An interesting Ontario story appeared in the Vancouver Sun in 1946, about a headless woman’s ghost wearing a skirt. The four-paragraph article said she had been seen near the secret site of Tecumseh’s grave. This is fascinating, as Tecumseh was a famous chief who tried to unite Indigenous groups against American expansion. He allied with the British during the War of 1812 and was killed in 1813. His confederacy then collapsed and he became a romanticized folk hero. The woman’s ghost had only been seen in an area rumoured to be his burial site, but it was deemed important enough to be included as part of the report.

“The Ghost of Graveyard Flats” by Bjarne Kirchhoff appeared in the Vancouver Sun in 1950. Kirchhoff was a pulp writer whose credits include an online-available science fiction story and a handful of publications in the Sun. It’s difficult to know where else he was published, but it’s notable his Indigenous burial ground was thought to be haunted by a wendigo 33 years before Stephen King’s was.

The Times Colonist reported a Comox haunting in 1966 that eventually made its way into several books. Earlier 1940’s versions were of a mist-like apparition one witness claimed became a woman who danced a couple of steps. By the 1960s, “Bloody Mary” had transformed into an Indigenous woman another witness said was “young and well-stacked.” Later books called her Dancing Mary. The story evolved to include either her grave or a massacre site. It’s a confusing story, as there are paranormal reports possibly unrelated to her and a settler cemetery involved.

In 1958, Colonist reporter Bert Benny said he was disappointed with how few hauntings there were to write about in our province’s capital of Victoria. By the 1980s, there were many more thanks to local ghost hunters Robin Skelton and Jean Kozacari—both who claimed to have psychic abilities. Ghost tourism arrived soon thereafter and Victoria became first “very haunted,” then one of the most haunted cities in Canada. The two most common reasons given are the city’s proximity to water and it being built on an Indigenous burial ground. To someone who has lived in the Southwestern United States and Afghanistan, as well as travelled in India, the water theory sounds childlike, but it’s the burial ground stories that are shameful.
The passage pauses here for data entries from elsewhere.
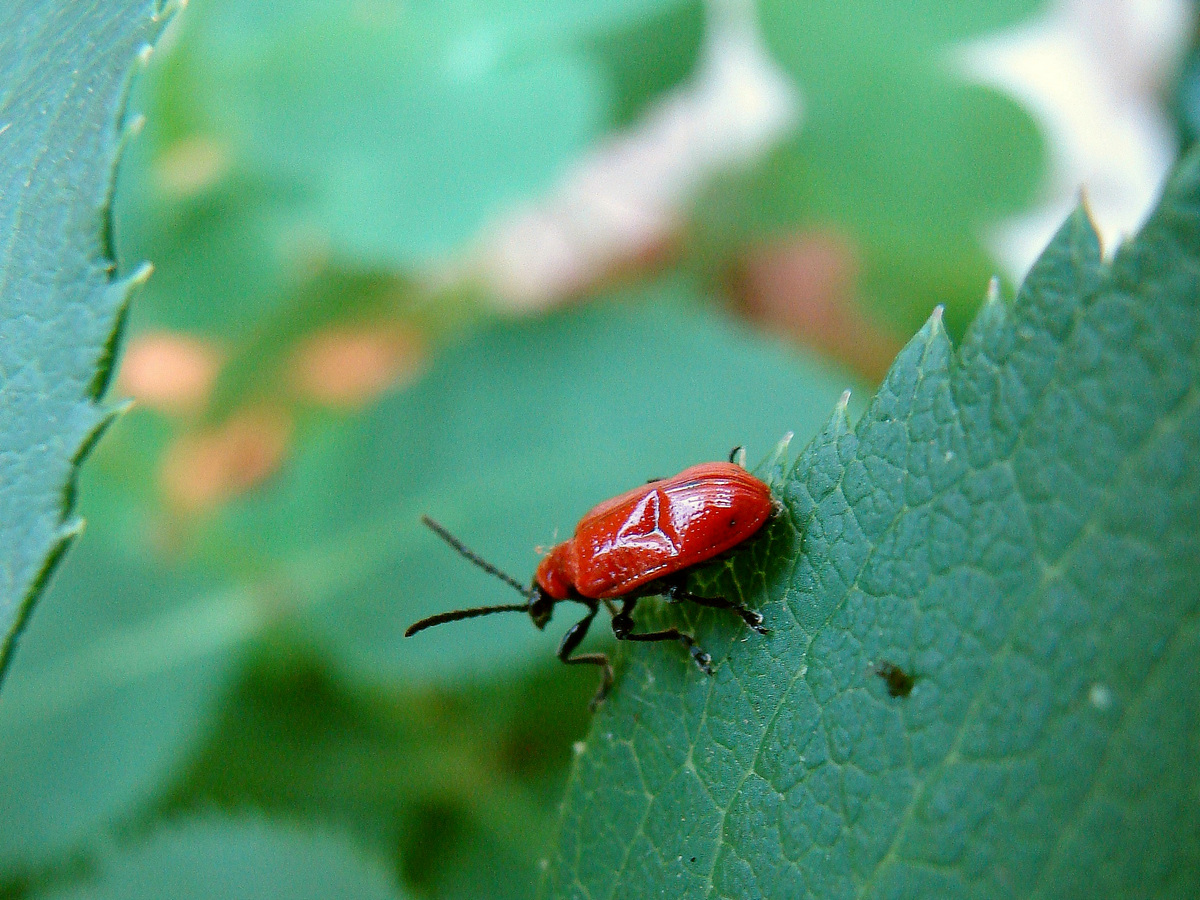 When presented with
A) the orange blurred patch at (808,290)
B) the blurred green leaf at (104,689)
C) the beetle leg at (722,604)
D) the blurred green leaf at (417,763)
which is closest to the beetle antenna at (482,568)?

One news article—quoting a historian— recently made this claim. They mentioned well-known burial mounds in Beacon Hill Park, around Cadboro Bay, and on Saltspring Island. Before Victoria’s tourism scene became popular, the park claimed to have 23 mounds—none that were ever built upon to my knowledge. Cadboro Bay area was said to have around a hundred, but that is in a neighbouring city not even a part of Victoria. Saltspring Island, of course, isn’t relevant. Compared to the tens of thousands of nonIndigenous bodies in cemeteries, it makes one contemplate the power of one Indigenous grave. The Indigenous burial ground stories don’t make sense, either. These burial mounds have always been interesting to researchers, because local First Nations only used cairns in ancient times. Bodies have been put in trees, on raised platforms, or inside of caves near the shoreline for 1500 years. Early settlers collected every bone they could find as souvenirs. It’s not to say Indigenous remains are never found, because they are—but the city wasn’t built on a mega burial ground as many claim it was.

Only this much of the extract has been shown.